在最容易逃离西方古典主义绘画影响的山水画,也被“写生”这个概念的误读,而进入到一个风景画视角的陷阱,另外的画家则把守着对于古典主义绘画的忠实复制……。
所有的这一切,出现出民间艺术的如下特征:
主体被遮蔽:
民间艺术的最大特征在于,相互在一种共时空的感觉之中进行思维,相互之间有一种类似于病态的趋同性。其个体的主体性服从于集体的意志。在一种集体思维之下,被动地延续共同的思考模式与反应模式。
思想性缺失
没有思想性,其实就是在其作品之中,没有个体对于时代文化潮向的主动反应。停滞思想活动,也就意味着将“手”作为了大脑的主宰。以技法的娴熟替代形式的探索与实验性的冒险,从而放置在形式的保险箱之中。
隔绝于时代
自觉地与当代艺术保持距离,以一种对当代艺术信息的隔绝态度,来保持虚弱的从容。这种以不变应万变的态度,其实已经沦为一种凝滞与僵化的表现。这种隔绝于时代的做法是为了一种优越感的制造。
游走于江湖
体制也有成为江湖的危险。在正常的制度之下,又有着潜规则布设其中,所以,当画院被以国家的名义在运行的时候,它所保证的只是一个集团的共同利益了。国家这个概念作为制度上的权威,也成为江湖的伪装。
主题的仆从
以服务于国家的名义来进行所谓主题性的创造,所获得的不仅是来自于国家的利益,还有个性主体献祭集体的行为。仆从于主题,也掩盖着主体的迷失,价值的扭曲以及无限的自我复制。
理论的隔膜
远离艺术理性的思考、远离艺术的独立思想性、远离艺术的前沿理论,远离艺术历史经验,无视人类在当下所处在共同艺术经验与面对同样的艺术史逻辑,其隔膜的就不仅仅是理论,还有对于时代言说权利的自我放弃。

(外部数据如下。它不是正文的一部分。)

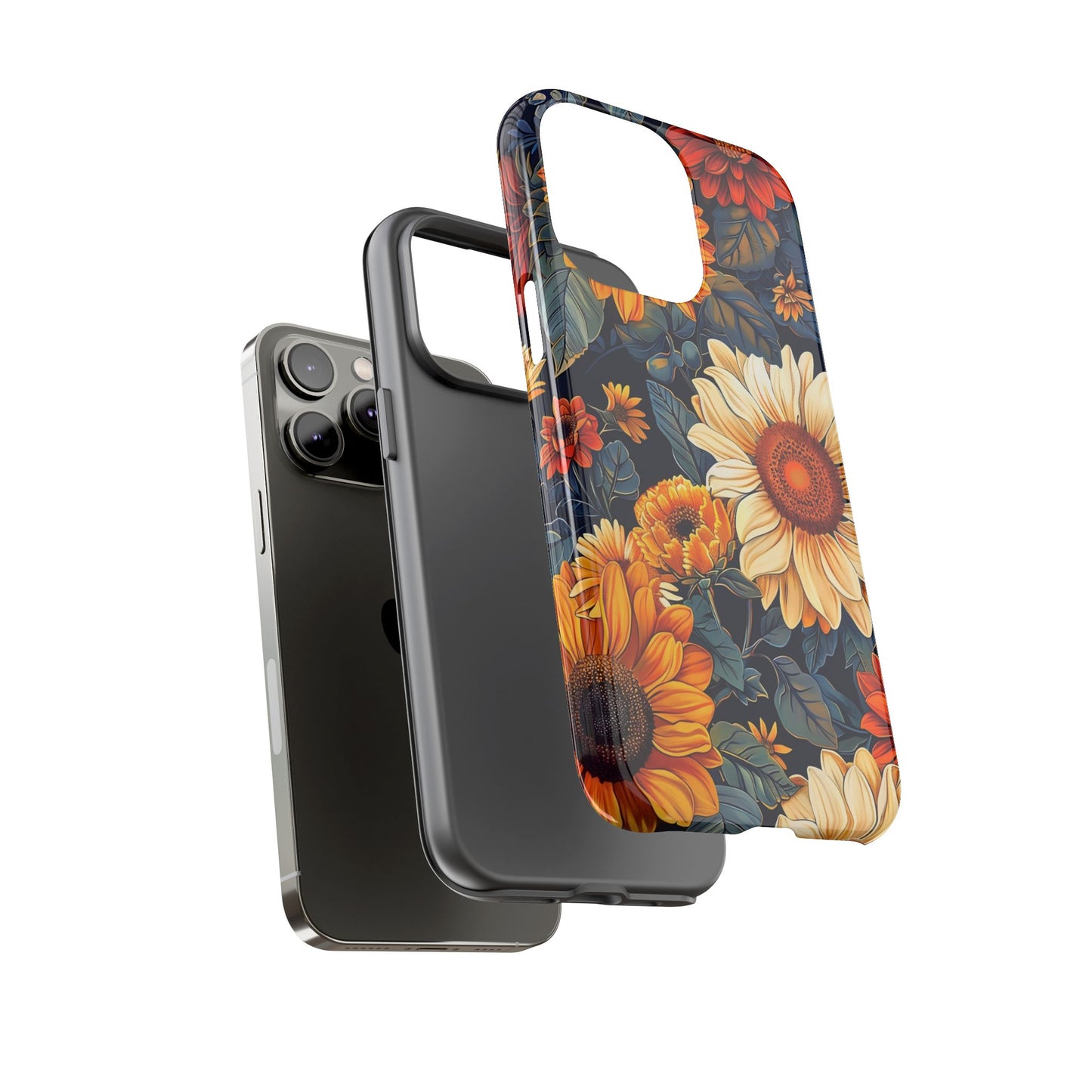 Floral Tough Phone Case | Sunflower Design, iPhone Cover, Protective Case, Gifts for Her, Floral Phone Accessory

以上种种,无疑是中国画“自我民间化”的粗略特征所在。
中国画“篡集性”特征
“中国画”这个词,从某种意义上来说,也是一个“被追认”的“假设概念”。我曾经在一本书中探讨在中国平面视觉史的发展过程之中,基本上是一个在中国哲学体系之下,在特有视角下认知自然;在笔墨程式化系统下表现自然这么一个状态。(4)因此,绘画的原创这个概念,其实是在一个集体的意志之中得以完成的。
或许有人可以如此说,在古典艺术情景之中,所有的创造性,都是一种集体意志的参与。同时,由个人来进行完善性地提示的。
但是,中国绘画的情景之不同在于,它是一种有意识地对于经典的篡集。
以元人笔墨,运宋人丘壑,而泽以唐人气韵,蔚为大成。
这就是明清以来中国画家们面对经典时的基本态度。
这种篡集的特征是,承认经典的不可逾越性,认同先在的创造性起点,尊重风气之先的开拓者,在此意义上,“篡集”也就成为一种艺术的主体性选择。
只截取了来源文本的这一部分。